*** WORKING DATA ***
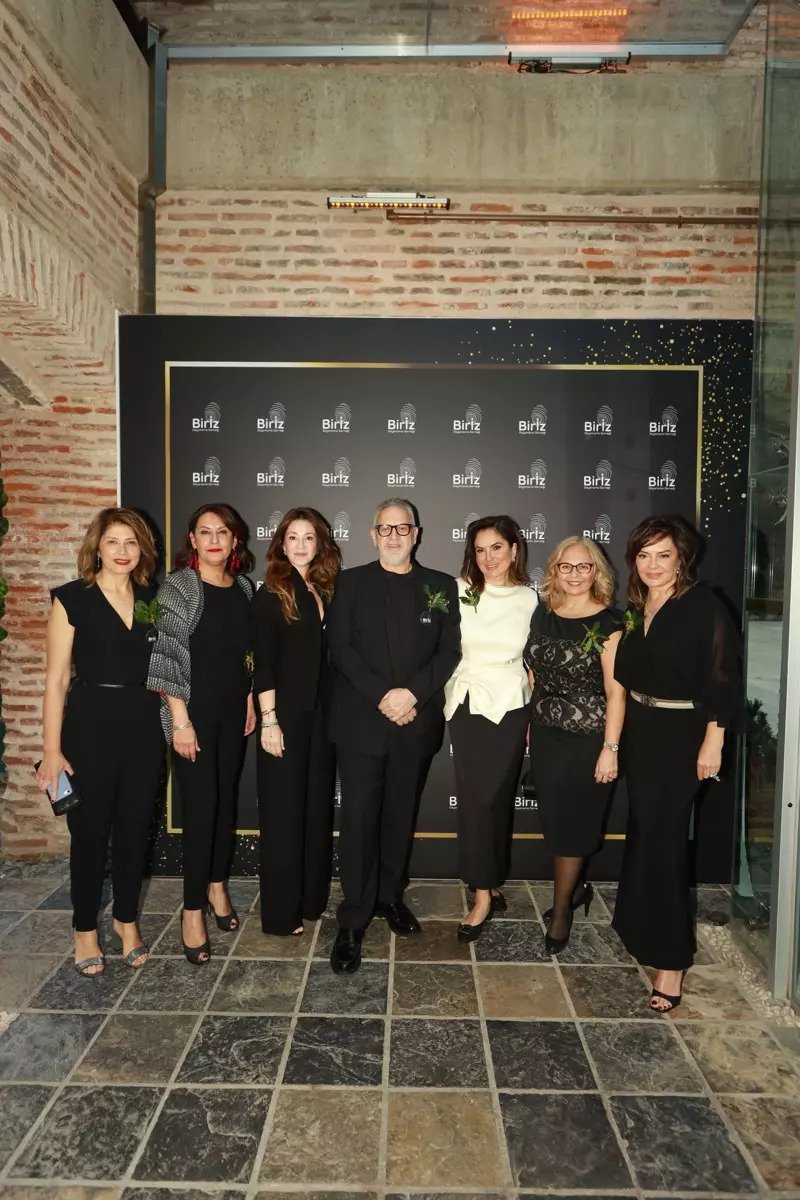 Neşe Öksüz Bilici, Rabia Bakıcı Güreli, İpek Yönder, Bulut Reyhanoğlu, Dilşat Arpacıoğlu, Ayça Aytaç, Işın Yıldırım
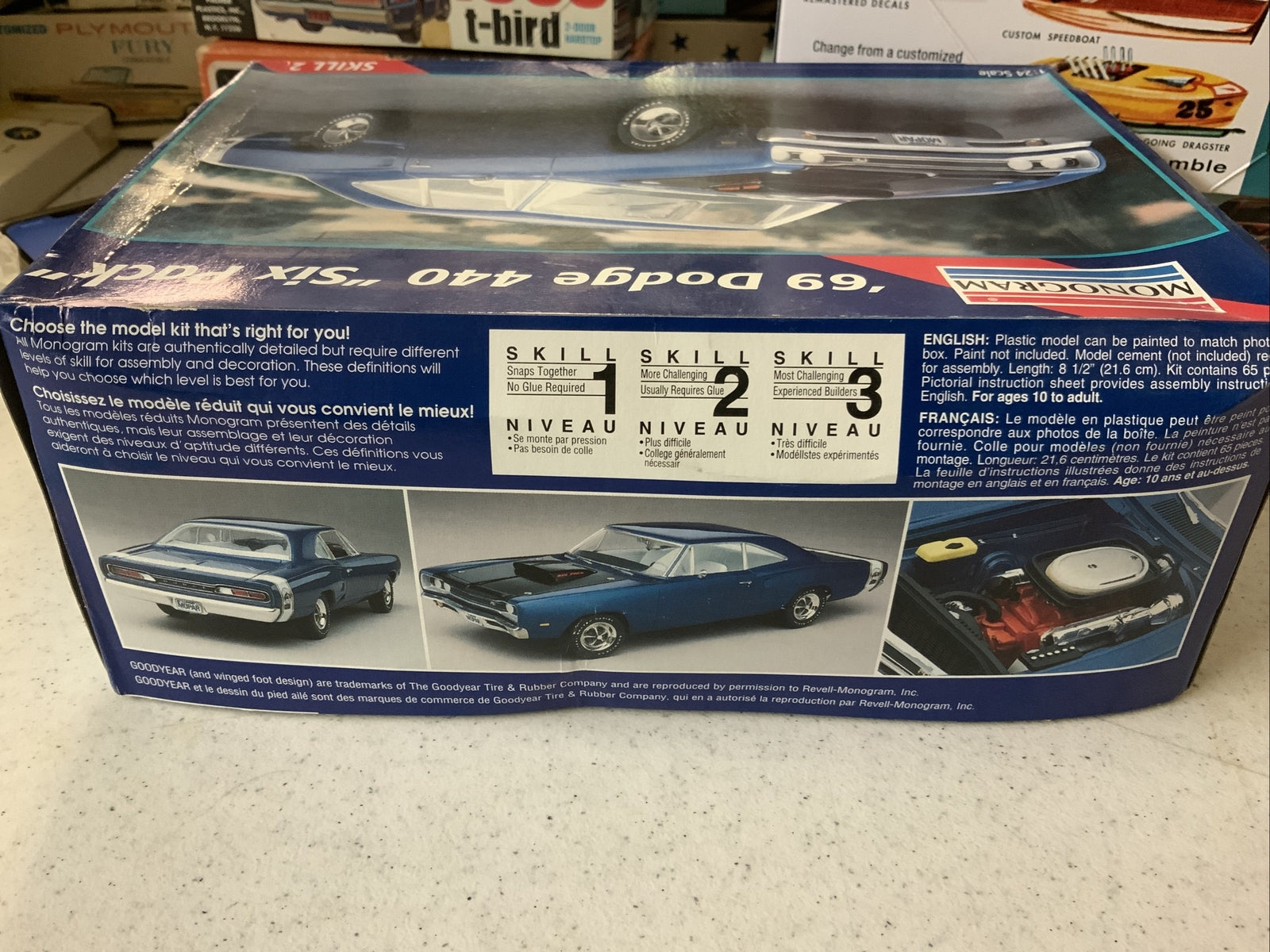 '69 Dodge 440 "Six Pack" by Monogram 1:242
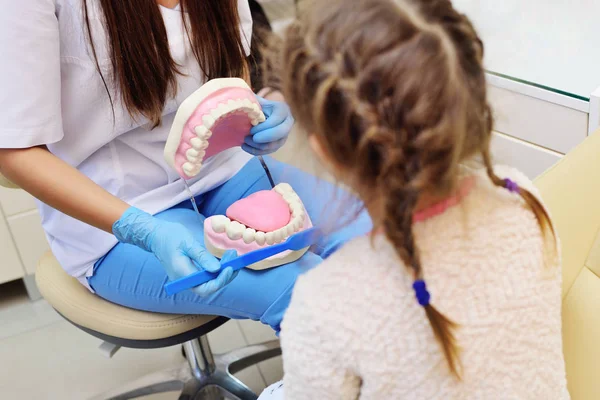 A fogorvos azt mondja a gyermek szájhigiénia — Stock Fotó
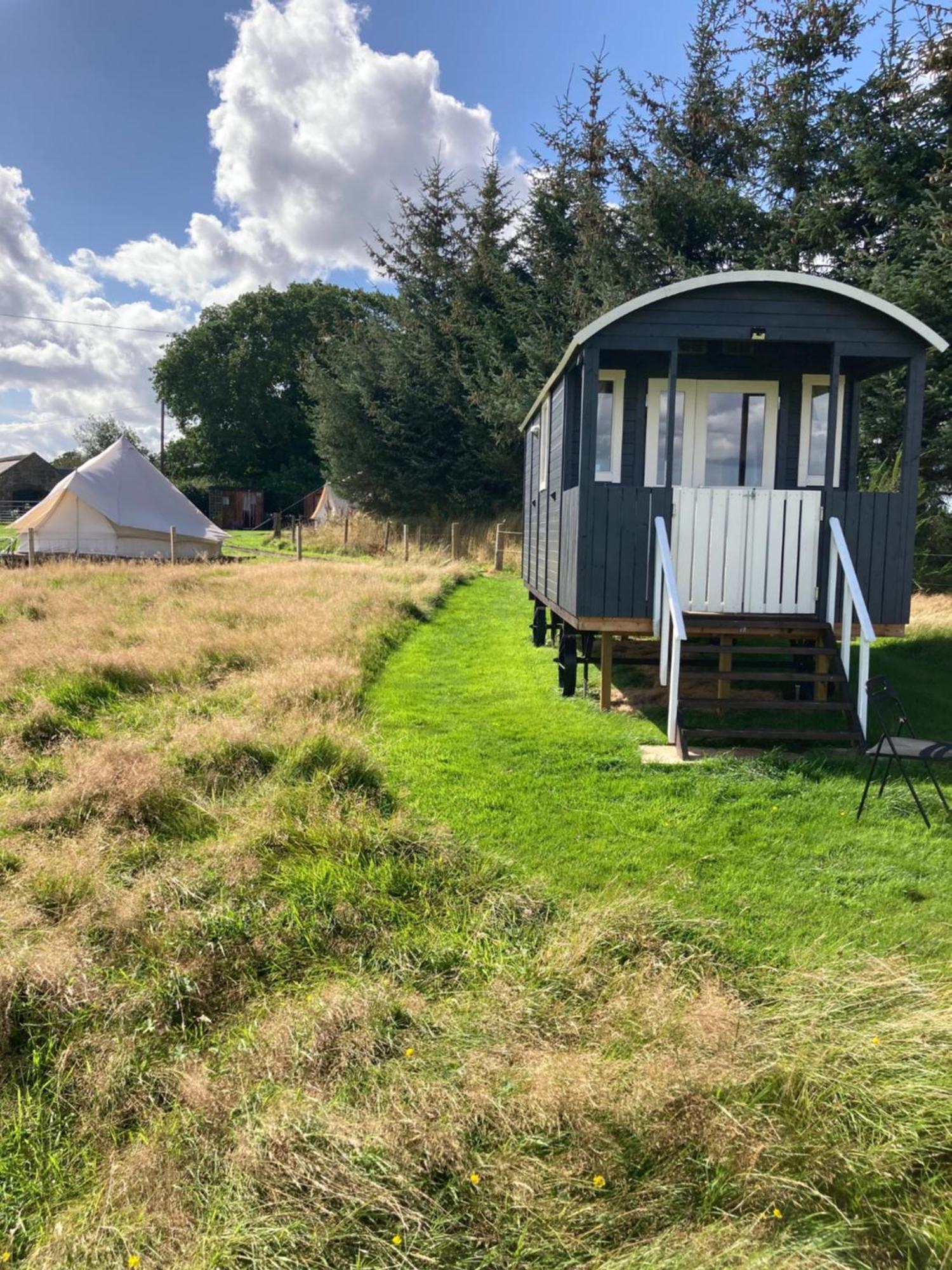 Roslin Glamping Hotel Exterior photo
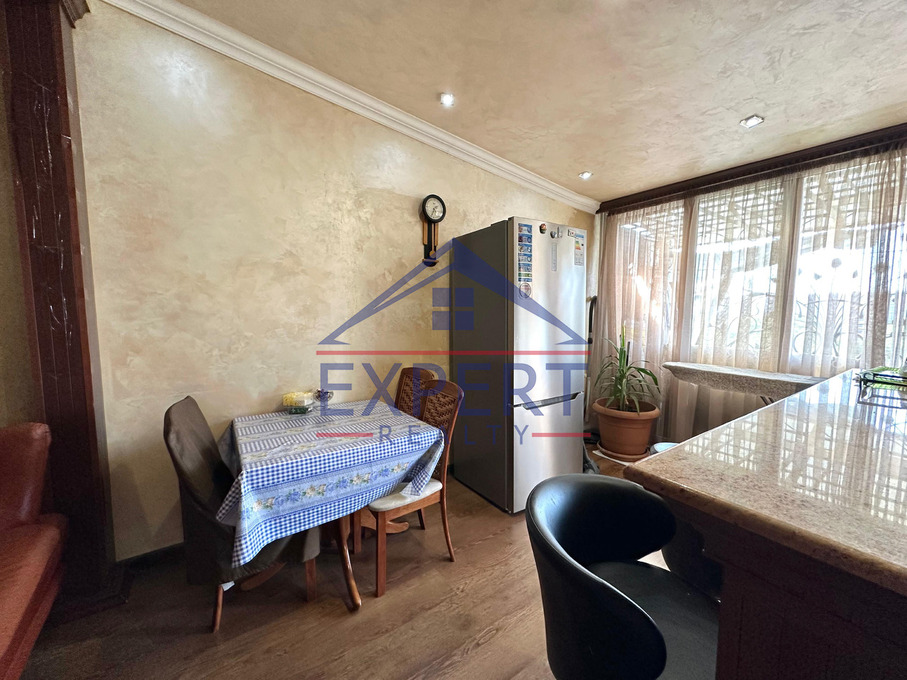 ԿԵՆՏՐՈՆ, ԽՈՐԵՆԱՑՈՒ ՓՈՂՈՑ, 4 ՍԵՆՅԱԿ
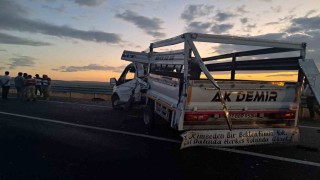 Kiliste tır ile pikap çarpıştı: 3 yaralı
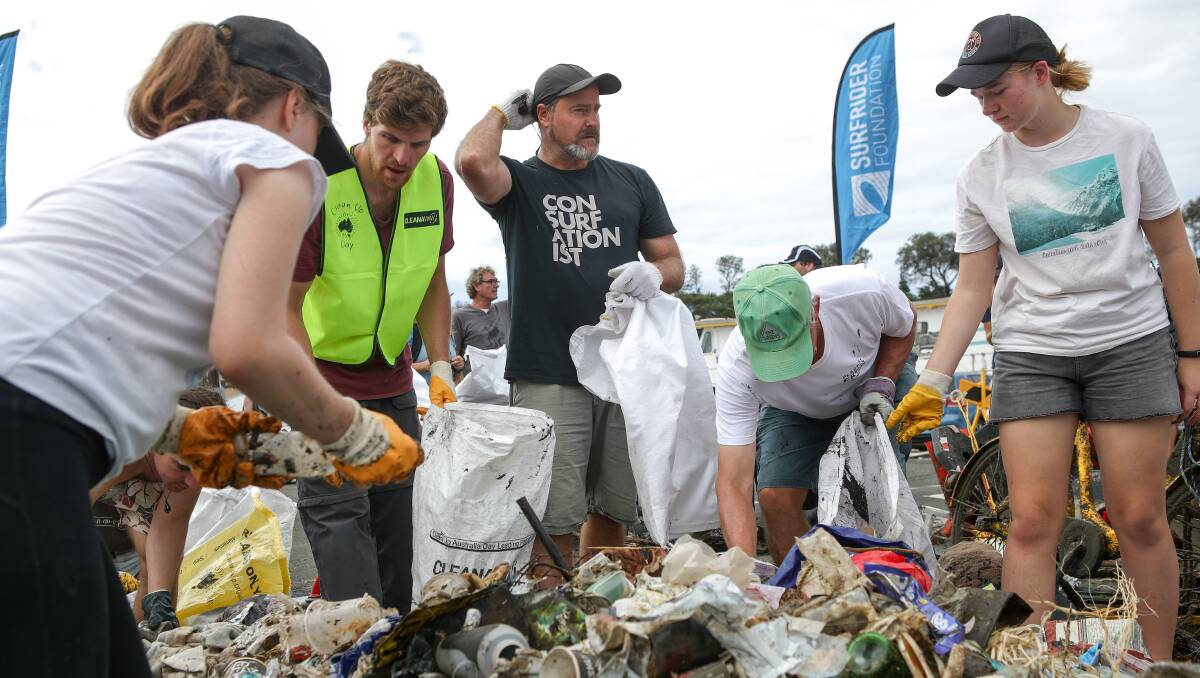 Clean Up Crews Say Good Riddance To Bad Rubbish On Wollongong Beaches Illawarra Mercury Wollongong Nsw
*** End of WORKING DATA ***
» **WHAT IS REQUIRED**
In your copy, include no pictures, but set down every record exactly.

» **REPLY**
 Neşe Öksüz Bilici, Rabia Bakıcı Güreli, İpek Yönder, Bulut Reyhanoğlu, Dilşat Arpacıoğlu, Ayça Aytaç, Işın Yıldırım
 '69 Dodge 440 "Six Pack" by Monogram 1:242
 A fogorvos azt mondja a gyermek szájhigiénia — Stock Fotó
 Roslin Glamping Hotel Exterior photo
 ԿԵՆՏՐՈՆ, ԽՈՐԵՆԱՑՈՒ ՓՈՂՈՑ, 4 ՍԵՆՅԱԿ
 Kiliste tır ile pikap çarpıştı: 3 yaralı
 Clean Up Crews Say Good Riddance To Bad Rubbish On Wollongong Beaches Illawarra Mercury Wollongong Nsw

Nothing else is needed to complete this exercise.